Wednesday, November 27, 2013

Faux Pumpkin Pie Hand Pastries, with Maple Syrup Glaze

So, this is going to be a very lame post with poor-quality pictures, because it is the night before Thanksgiving and all through the house every creature is stirring and nobody is packed yet for the trip tomorrow.

OK--hand pastries, commercially sold as poptarts.  They are basically little flat pies.
They aren't really bluish and weird looking, I promise.


Pithy instructions for those who need to hit and run:
  1. Roll out a pie crust and cut it into even numbers of rectangles.
  2. Put some pie filling on half the rectangles and smooth it out.
  3. Cover these rectangles with the remaining ones, seal the edges with a fork, poke holes in the tops so they vent.
  4. Bake 350ยบ until they are as brown as you prefer.
  5. Cool.  Finish with powdered sugar glaze, or just powdered sugar.  
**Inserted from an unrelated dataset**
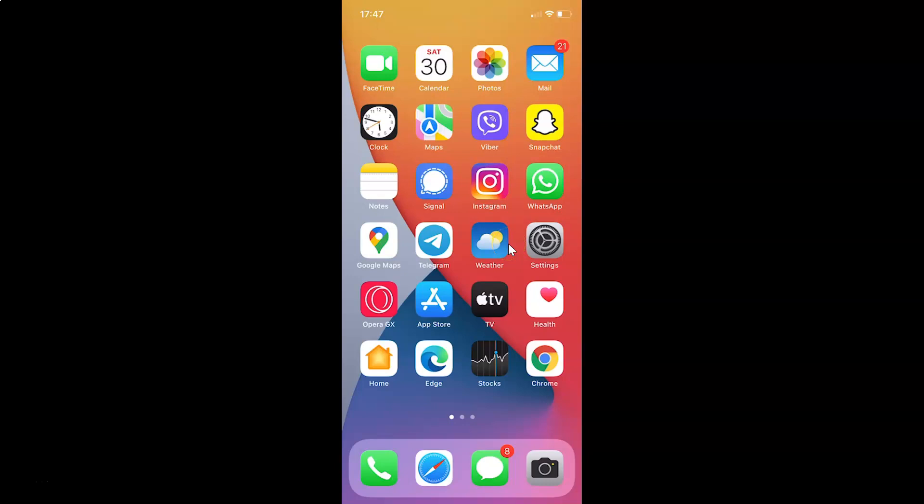First of all, you have to open your Viber app. Here is my Viber app. Let me tap on this to open it.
Overly-wordy instructions with aforementioned poor-quality phone camera pictures:

Pie crust:  Use purchased pre-made, purchased boxed mix, or homemade.  It just doesn't matter.  Use what you like or have.  I make pie crusts by the dozens and stash them in the freezer.  I also keep a container of homemade pie crust mix ready to go on the pantry shelf in case I need a pie crust on short notice.
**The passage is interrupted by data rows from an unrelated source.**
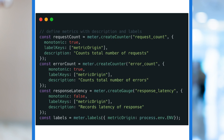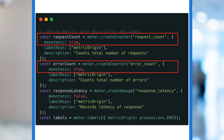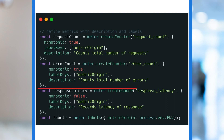Next, let's define the metrics we want to capture. Request count and error count are monotonic counters, meaning that we can only increase their value. This makes sense since the total number of requests and errors only goes up. Latency is a non-monotonic gauge, which means it can go up and down. Our latency will be different for every request, so we need to be able to set its value directly.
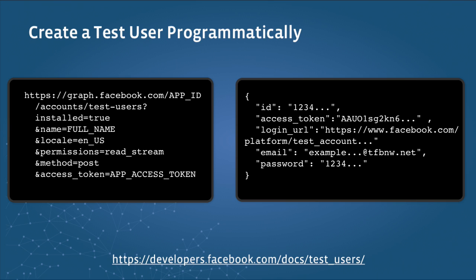Locale is an optional string parameter. The default is enus. Permissions is a comma-separated list of user permissions. Your app will be granted these permissions for the new test user if installed is true. At the end, you'll have to append your app access token.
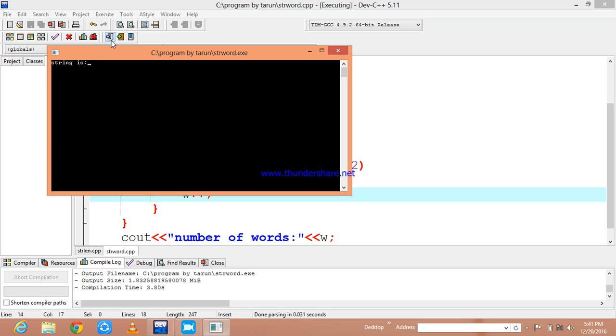It is asking for a string. I will give a string.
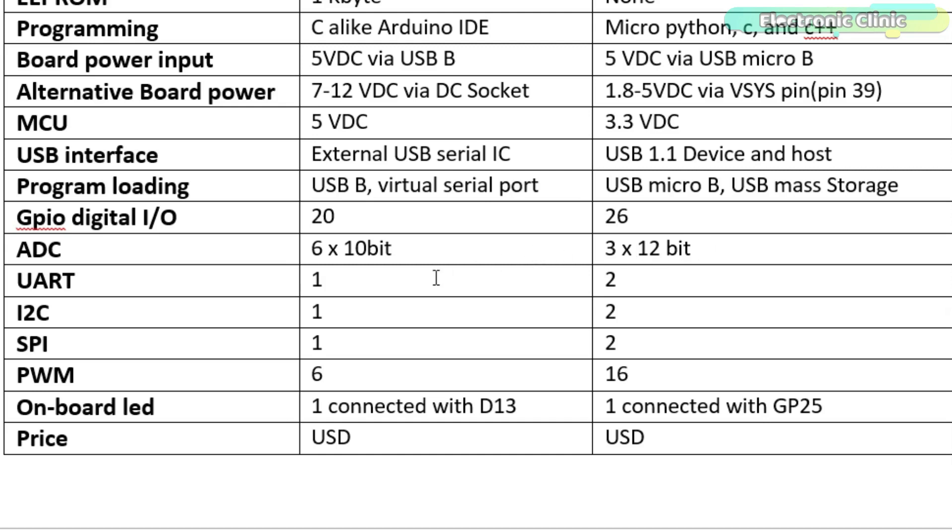Arduino has 1 UART and Pico has 2. Arduino has 1 I2C and Pico has 2. Arduino has 1 SPI and Pico has 2.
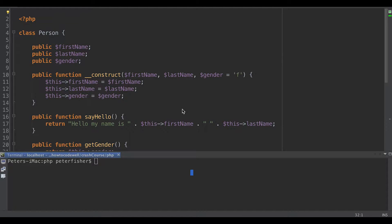Hello and welcome to the second part of the object-oriented programming course in PHP. Today we're going to look at a very basic tutorial in class inheritance. In the last tutorial we focused on actually creating classes and objects in PHP, the differences between classes and objects as well, so do check out that video if you haven't done so already. I'll leave a link in the description as well as in the top right-hand corner here.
Anywho, roll it out and make a pretty rectangle with it.  If you use a baking mat, it goes faster but only use plastic or nylon utensils on it or you will have a sad.  Put the rectangles in the fridge to cool and firm up while you make the filling.
Pre-made dough ball, thawed in the fridge.  Baking mat!  Rolling pin (not shown).

Roll out the dough till it is almost at the edge.  See that red thingy?  It's a nylon bench scraper for Dollar-Tree-I-Love-That-Place.  It is even endorsed by my friend and colleague, Betty Crocker.

Trim the dough when it crosses the line.  Show it who's boss.

Put the trimmings wherever they are needed and continue rolling until you get a full sheet of dough.

Use Betty's cute little bench scraper to nudge the edges into shape.

When you have a full sheet, cut it into even numbers of rectangles.


In today’s case, I made faux pumpkin pie filling--faux because I used butternut squash, my BFF in the winter squash kingdom.  I almost always have at least one or two at all times in the fall and winter, whereas i almost never have a pumpkin.

Anywho, roast or pressure cook a squash, scoop it out of the shell, and mash.  To this add one egg, a pinch of salt, some sugar, and as much pumpkin pie spice as you like.  How much do you like?  I go by smell.


Squished squash--egg--salt--spice--"sugar".  You'll see.

BONUS!  When your child begs you for a box of breakfast dessert, justify it as a pantry staple, thusly: when you are at the end of the box, sift the last few spoonsful into a bowl--that is almost pure sugar.  That is what I used tonight to make these pastries.  Tiny flavor boost, and no waste.

Don't judge.

Tuna can sieve makes a dandy bowl-size sifter.

Behold!  Cereal sugar.  Even the bowl likes it.


Back to the filling:  Put a little on half of the rectangles, then smooth it out so it is an even layer.  Leave a margin around the edges.  Cover those rectangles with the remaining rectangles, then seal the edges with a fork.  Be neat, but not anal--if a little leaks out, call it “rustic”.

About 1/4 cup filling per pastry--give or take.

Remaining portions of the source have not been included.